The 2024-2025 threat landscape includes sophisticated supply chain attacks, AI-powered social engineering, and cryptojacking targeting containerized workloads. Recent vulnerabilities like "Leaky Vessels" (CVE-2024-21626) demonstrate continued risks in container runtimes and build systems. (ref)

Emerging security technologies include AI-driven threat detection, zero-trust architecture implementation, and enhanced runtime security monitoring. Organizations must balance security with operational efficiency through automated policy enforcement, continuous compliance monitoring, and integrated security tooling.

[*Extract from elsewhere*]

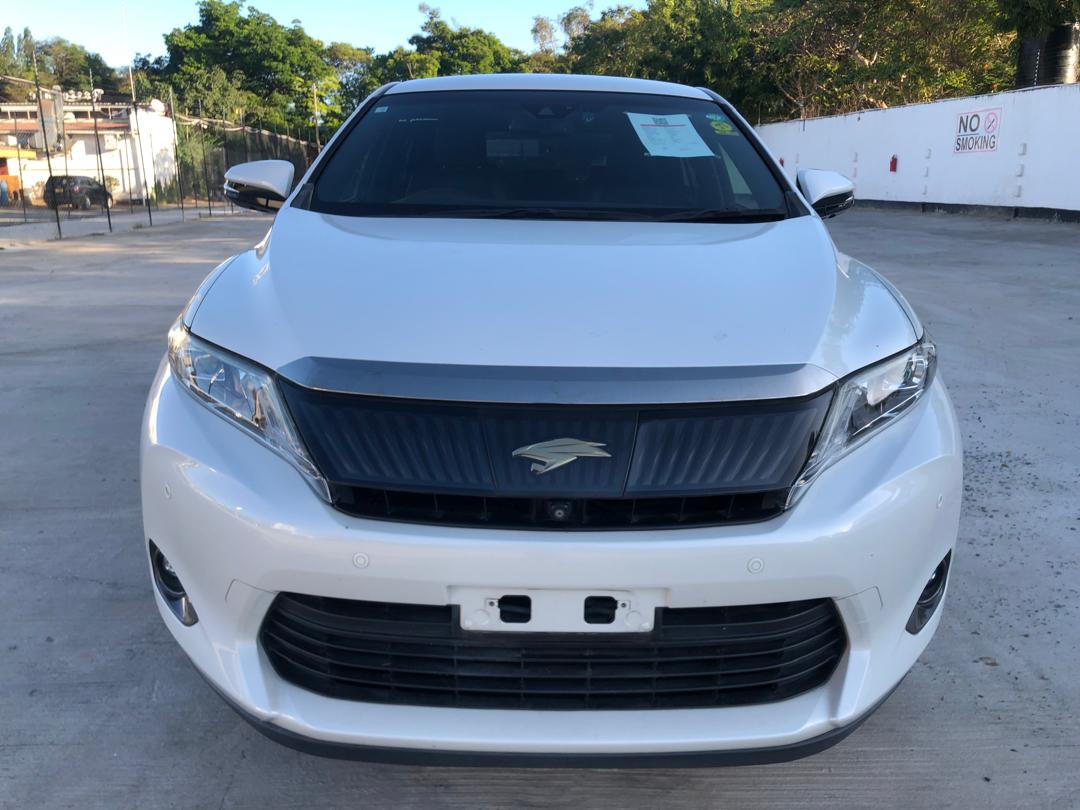 891 TOYOTA HARRIER PREMIUM ADVANCE PACKAGE 2014 / Milage: 154,205 Km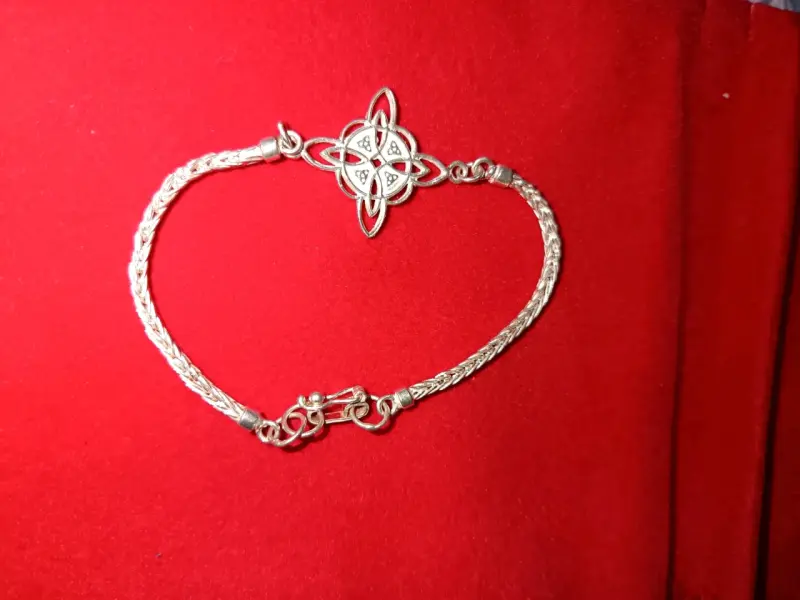 Pulsera de plata con diseño celta - 3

Implementation roadmap and best practices

Successful container security implementation requires a phased approach. Immediate actions include patching to latest Docker and Kubernetes versions, implementing vulnerability scanning in CI/CD pipelines, and deploying basic security contexts. Short-term initiatives encompass zero-trust architecture, compliance frameworks, and runtime security monitoring. Long-term objectives include platform engineering with security-by-design, behavioral analytics, and automated incident response.

Container security in 2024-2025 demands comprehensive, multi-layered approaches combining traditional security practices with emerging technologies. Success requires integrating security throughout the container lifecycle, from development to runtime, while fostering collaboration between development, security, and operations teams through effective DevSecOps practices. The rapid evolution of both threats and defensive technologies makes continuous learning and adaptation essential for maintaining strong security postures in increasingly complex cloud-native environments.